Top of Extracted information

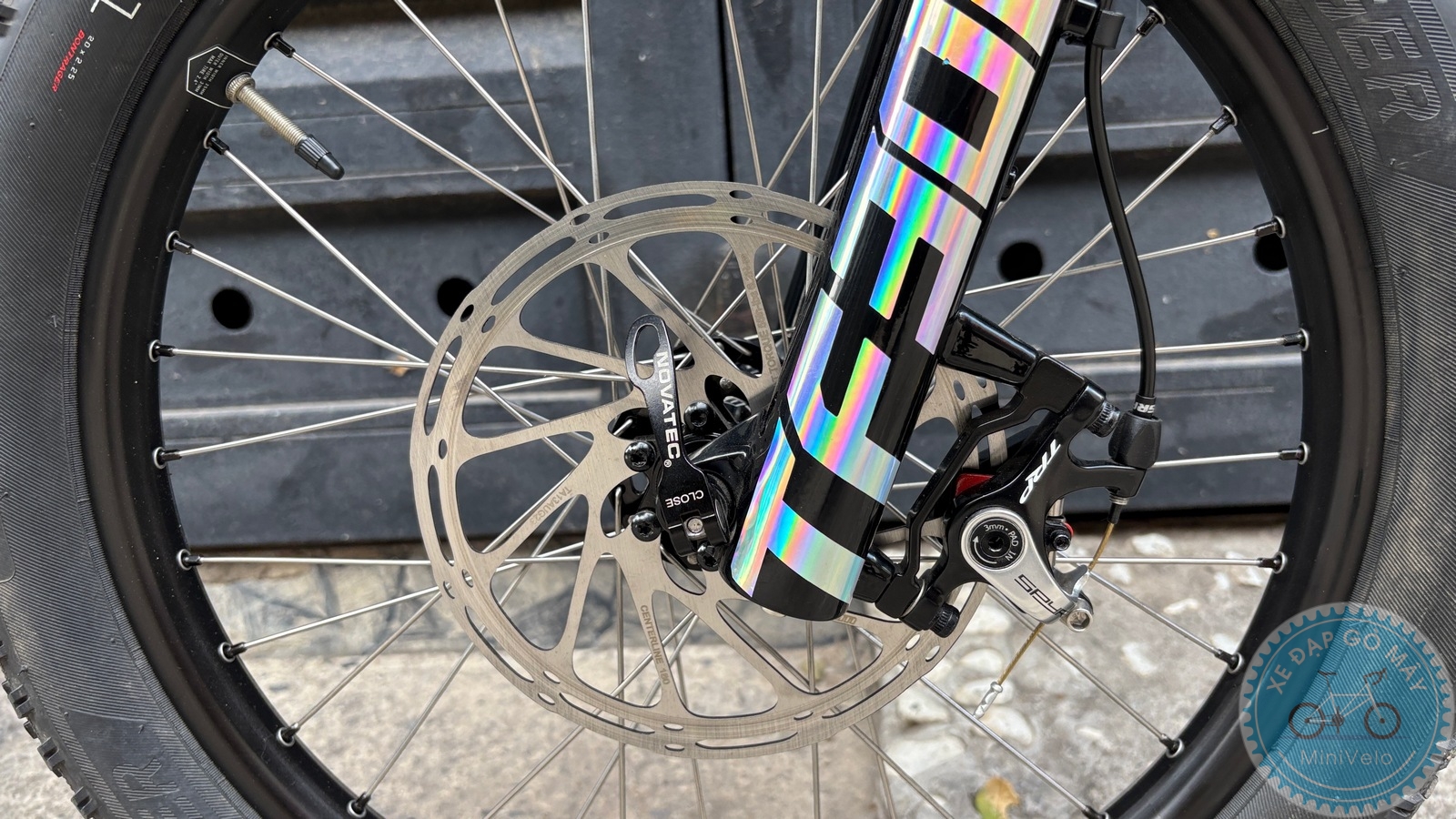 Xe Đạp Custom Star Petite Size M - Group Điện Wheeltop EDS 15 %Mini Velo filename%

Bottom of Extracted information
Top of Extracted information

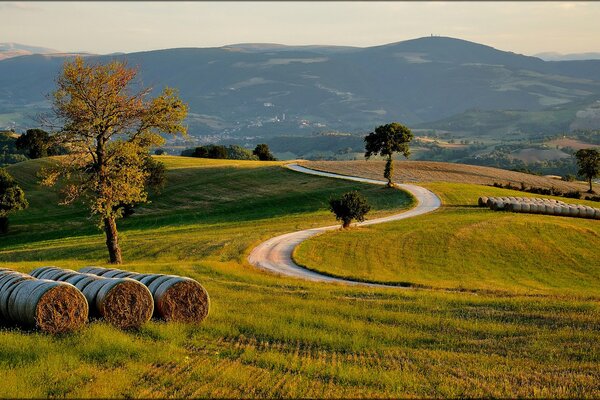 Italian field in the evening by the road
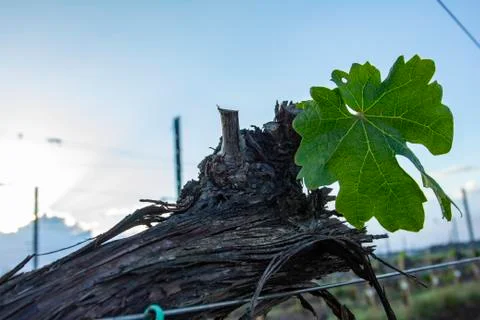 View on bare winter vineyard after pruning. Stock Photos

Bottom of Extracted information

Task directions :: In the entries above, find the line containing "Italian field in the evening by the road" and the line containing "View on bare"; give again exactly those two lines and every line between them, minus the pictures.

Problem solution ::
 Italian field in the evening by the road
 View on bare winter vineyard after pruning. Stock Photos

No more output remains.